ElaineI Mon 20-Sep-21 23:19:05

I am sorry but this cannot be a real post! I cannot believe any human being would think it was, in any form, excusable to allow a child under at least 12 to go out a window any higher than ground level and walk on scaffolding!!! If an adult walked on scaffolding erected by builders, the builders could get into serious trouble. Worse still if a child under guidance from carers did! Are you for real? If you are is your daughter for real? Totally utterly unbelievable!!!!!

Granmarderby10 Mon 20-Sep-21 23:20:11

Well Liveinnan my opinion is that your daughter and her boyfriend must be round the twist.

Liveinnan Mon 20-Sep-21 23:26:49

I can assure you it is absolutely true. It all happened about 6 hours ago and I’m still reeling from it. When I told my partner what had happened he said I was overreacting and that I had no right to interfere in what my daughter allows her child to do. I keep thinking how terrible if it had ended with my GD falling through my conservatory glass roof.

CanadianGran Mon 20-Sep-21 23:34:02

I think it is time to remind them whose house it is, and therefore whose rules must be followed.

Please don't allow your good will to be exploited.

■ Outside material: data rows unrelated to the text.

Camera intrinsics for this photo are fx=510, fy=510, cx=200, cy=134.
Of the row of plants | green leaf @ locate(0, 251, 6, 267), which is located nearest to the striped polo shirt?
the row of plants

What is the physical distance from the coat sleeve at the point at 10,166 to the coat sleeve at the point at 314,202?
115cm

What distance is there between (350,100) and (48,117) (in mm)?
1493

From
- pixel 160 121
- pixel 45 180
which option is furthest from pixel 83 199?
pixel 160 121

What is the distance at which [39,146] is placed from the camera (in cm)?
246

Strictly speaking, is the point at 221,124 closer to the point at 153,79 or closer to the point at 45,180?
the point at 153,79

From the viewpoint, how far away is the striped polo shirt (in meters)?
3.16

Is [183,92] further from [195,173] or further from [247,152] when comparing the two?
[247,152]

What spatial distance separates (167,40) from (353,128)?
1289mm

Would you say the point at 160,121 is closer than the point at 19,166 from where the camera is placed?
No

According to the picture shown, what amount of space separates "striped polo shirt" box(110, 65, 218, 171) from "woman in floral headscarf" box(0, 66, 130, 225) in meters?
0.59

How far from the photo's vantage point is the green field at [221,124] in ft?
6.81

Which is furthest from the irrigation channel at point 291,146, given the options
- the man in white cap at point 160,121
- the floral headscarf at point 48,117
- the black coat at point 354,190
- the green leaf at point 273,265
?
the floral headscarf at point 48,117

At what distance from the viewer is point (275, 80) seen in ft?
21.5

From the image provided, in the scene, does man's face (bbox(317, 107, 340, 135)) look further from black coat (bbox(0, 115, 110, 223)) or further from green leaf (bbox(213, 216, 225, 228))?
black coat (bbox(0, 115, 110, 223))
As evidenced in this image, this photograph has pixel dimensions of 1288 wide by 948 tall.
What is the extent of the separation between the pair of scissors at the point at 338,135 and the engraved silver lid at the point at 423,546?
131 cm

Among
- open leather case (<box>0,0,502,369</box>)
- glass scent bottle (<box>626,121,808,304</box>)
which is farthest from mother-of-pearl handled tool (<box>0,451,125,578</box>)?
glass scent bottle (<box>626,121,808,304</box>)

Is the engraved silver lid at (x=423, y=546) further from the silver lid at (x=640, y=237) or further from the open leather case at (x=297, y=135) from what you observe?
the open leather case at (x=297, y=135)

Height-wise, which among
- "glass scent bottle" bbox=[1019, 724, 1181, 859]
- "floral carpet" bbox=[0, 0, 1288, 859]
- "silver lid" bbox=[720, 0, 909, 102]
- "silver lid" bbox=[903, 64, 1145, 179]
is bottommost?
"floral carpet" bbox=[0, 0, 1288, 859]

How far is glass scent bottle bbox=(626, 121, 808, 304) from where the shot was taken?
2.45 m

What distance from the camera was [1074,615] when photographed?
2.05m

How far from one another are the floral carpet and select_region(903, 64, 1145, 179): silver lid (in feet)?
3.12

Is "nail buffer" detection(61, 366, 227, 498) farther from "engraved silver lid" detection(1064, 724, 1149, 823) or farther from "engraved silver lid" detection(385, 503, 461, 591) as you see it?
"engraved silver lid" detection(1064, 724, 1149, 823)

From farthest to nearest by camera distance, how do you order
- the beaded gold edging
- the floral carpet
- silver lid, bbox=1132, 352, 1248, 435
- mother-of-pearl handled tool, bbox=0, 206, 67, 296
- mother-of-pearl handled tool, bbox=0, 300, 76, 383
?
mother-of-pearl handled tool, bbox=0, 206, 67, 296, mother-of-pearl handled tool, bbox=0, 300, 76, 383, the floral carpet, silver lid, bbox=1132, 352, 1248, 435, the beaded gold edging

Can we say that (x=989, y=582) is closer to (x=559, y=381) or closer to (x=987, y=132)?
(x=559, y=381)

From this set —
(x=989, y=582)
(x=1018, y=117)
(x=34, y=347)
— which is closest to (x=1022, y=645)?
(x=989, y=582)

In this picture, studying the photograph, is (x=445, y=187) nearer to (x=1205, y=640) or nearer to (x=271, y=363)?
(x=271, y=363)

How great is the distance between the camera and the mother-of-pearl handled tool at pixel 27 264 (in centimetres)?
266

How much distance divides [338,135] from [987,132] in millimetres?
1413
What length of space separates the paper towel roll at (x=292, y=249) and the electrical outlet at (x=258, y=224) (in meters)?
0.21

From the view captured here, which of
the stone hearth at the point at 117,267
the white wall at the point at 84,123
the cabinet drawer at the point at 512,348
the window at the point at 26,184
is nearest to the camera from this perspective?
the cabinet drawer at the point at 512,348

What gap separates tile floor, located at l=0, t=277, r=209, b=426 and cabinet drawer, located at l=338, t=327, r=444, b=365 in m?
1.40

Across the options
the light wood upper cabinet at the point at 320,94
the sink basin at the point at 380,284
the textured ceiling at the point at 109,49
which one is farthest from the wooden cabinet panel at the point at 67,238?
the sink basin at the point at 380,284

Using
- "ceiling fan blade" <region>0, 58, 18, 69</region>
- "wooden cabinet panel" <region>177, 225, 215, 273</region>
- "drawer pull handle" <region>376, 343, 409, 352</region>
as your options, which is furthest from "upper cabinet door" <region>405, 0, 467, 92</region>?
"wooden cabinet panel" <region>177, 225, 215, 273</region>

Chewbacca Tue 21-Sep-21 00:04:55

If the scaffolding contractor knew that, in his absence, a child had been able to climb out of a window, crawl onto the scaffolding and walk along it over a glass roof, I strongly suspect that he'd dismantle the whole lot and walk out of the job immediately. He would know that, if the HSE got to know of it, he would very likely lose his license and possibly be fined as well. He has to pay an enormous amount of money to insure not just the scaffolding equipment but also his employees who use it. He also has to pay for Public Liability insurance, just in case someone is daft enough to let a child climb on it. You're risking a lot Liveinnan.

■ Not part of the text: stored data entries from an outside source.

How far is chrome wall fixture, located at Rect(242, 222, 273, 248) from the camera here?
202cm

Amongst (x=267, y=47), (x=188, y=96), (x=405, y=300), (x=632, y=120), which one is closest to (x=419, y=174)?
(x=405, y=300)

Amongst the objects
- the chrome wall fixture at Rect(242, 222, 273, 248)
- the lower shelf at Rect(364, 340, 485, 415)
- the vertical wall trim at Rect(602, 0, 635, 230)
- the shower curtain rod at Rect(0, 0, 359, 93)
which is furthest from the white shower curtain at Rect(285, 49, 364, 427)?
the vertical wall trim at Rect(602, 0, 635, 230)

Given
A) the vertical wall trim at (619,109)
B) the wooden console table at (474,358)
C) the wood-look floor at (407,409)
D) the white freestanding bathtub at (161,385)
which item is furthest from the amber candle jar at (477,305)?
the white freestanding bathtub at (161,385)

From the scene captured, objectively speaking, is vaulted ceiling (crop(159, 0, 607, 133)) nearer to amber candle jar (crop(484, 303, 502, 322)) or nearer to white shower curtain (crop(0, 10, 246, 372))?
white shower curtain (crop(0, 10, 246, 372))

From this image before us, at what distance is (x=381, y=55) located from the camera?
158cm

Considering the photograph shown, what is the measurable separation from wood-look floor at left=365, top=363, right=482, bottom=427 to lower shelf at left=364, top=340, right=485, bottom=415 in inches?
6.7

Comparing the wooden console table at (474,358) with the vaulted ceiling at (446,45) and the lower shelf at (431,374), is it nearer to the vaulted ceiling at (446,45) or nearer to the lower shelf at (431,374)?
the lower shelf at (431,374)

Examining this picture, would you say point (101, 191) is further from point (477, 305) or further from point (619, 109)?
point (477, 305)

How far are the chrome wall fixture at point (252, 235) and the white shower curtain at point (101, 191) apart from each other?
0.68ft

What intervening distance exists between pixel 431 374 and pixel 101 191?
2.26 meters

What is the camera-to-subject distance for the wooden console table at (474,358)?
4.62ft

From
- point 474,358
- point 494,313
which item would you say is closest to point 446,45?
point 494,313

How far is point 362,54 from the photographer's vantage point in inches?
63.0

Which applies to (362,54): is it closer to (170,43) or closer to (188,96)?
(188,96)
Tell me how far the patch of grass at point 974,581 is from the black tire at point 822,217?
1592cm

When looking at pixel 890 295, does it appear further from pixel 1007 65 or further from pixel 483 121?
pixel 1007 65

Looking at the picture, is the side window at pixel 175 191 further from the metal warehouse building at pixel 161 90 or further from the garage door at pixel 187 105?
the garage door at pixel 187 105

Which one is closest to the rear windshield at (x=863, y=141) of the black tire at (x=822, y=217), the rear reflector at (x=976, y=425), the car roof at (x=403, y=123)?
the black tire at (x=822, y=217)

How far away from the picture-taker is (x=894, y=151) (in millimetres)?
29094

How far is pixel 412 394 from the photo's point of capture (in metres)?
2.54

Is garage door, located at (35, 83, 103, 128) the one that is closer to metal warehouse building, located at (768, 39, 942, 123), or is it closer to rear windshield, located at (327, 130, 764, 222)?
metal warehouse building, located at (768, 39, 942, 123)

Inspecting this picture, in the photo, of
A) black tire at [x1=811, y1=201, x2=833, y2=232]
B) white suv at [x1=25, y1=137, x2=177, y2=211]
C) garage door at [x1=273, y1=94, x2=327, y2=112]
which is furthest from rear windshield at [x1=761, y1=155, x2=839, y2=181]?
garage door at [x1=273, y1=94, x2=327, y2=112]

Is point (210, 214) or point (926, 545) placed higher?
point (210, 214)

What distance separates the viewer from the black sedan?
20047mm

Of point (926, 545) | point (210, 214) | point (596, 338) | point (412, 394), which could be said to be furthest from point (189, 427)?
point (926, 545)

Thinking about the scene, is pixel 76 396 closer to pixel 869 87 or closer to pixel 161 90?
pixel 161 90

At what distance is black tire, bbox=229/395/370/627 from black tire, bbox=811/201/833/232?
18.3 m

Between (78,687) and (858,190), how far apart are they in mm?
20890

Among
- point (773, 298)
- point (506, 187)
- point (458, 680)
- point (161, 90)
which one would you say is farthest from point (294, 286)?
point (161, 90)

Hithere Tue 21-Sep-21 00:09:54

One point for neen.
Your daughter and sil should be able to live in the own by now.

grannyactivist Tue 21-Sep-21 00:20:32

Liveinnan I would have blown a gasket - and I’m not usually known for overreacting.

As Chewbacca has pointed out, scaffolding is subject to rigorous H&S rules and regulations, so feel free to click on this link and then go and quote from the first three headings!

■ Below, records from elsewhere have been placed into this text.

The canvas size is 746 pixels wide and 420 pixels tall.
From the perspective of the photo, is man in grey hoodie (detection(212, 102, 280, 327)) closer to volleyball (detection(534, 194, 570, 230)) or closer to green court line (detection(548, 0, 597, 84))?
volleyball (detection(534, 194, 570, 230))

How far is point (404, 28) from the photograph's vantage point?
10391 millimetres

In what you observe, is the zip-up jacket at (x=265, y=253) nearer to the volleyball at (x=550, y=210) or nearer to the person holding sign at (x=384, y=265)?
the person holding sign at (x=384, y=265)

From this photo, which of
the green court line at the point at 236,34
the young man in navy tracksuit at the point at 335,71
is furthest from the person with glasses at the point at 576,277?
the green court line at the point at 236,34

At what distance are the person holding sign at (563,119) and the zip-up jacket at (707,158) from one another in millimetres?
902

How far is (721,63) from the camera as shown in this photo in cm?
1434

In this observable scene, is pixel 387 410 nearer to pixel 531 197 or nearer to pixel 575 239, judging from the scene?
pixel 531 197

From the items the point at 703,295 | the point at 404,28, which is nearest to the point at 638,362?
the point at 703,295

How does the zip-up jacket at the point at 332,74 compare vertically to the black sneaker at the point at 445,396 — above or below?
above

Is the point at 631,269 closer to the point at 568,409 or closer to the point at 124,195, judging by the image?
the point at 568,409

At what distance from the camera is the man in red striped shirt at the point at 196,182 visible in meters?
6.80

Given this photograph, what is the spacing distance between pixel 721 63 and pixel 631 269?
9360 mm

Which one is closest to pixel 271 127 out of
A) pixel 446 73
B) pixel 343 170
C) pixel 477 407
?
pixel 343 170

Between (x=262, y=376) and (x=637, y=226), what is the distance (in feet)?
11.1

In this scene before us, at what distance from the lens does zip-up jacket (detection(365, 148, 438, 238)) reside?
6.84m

V3ra Tue 21-Sep-21 00:23:46

Liveinnan I'd be reeling as well. What irresponsible parents to that four year old child.
And as for your partner's reaction, well if a child is at risk you are not overreacting and it most certainly is your business.
Good grief 🤦

freedomfromthepast Tue 21-Sep-21 00:32:43

While I typically say you do not override a parents decisions, this is a HUGE safety concern. You are well within your right to not allow it on your watch. If it were me, I would have told daughter and SIL that they can take care of this when they are home.

Grannyactivist and chewbacca are correct, this could cause the contractor to lose his license, but more importantly, it could have cause your gd serious harm.

welbeck Tue 21-Sep-21 01:32:42

you have let them get the upper hand in your house.
why do they pay no rent.
they should move out. these conflicts will get worse.
by the way why did the child have to wait for her mother to come home; why didn't her father help her out the window.
just wondering.
but of course it all sounds batty, nay hazardous in the extreme.
you could ring nspcc advice line.

Liveinnan Tue 21-Sep-21 01:56:31

In answer to your questions. They don’t pay rent as I hoped by not doing so they would be able to save to provide for themselves in the future. They pay a contribution to the utility bills. My DGD had to wait for her mother to come home because I had refused to assist from inside the bedroom. My SIL was outside on the scaffolding and needed help getting my GD out of the window from the inside. Maybe a call to nspcc would be in order. Imagine the family breakdown that would occur if I did that though.

welbeck Tue 21-Sep-21 02:52:22

why was SIL out on the scaffolding.
you didn't mention that before, so was he working from it, was he supervising the child on it.
still not right.
i meant you could ring nspcc to share your concerns, get advice.
not report them. you don't have to give identifying details.
you are at risk of being cuckooed in your own house.
it's time for them to move out.
what was the plan. what incentive do they have to move out.

maydonoz Tue 21-Sep-21 10:10:38

Hi Liveinnan
I too find it incredible that parents would allow/enable their child to take such a risk just to appease the little one. It should have been explained to her that it was very dangerous, as you tried to do, and a complete NO, NO. She would have had her tantrum and gotten over it in a short time by distracting her with something else.
Now she has learned that she can get her own way by causing a fuss, this could be a difficult lesson to unlearn.
I sympathise with you, you tried your best and got no support, even from your partner. I'm afraid I'd be sitting down with my family having a serious conversation as to how to move forward.
While in your home they must respect your rules, especially when it involves the welfare of small children.
Good luck and hope things improve for you. It sounds like they need their own place.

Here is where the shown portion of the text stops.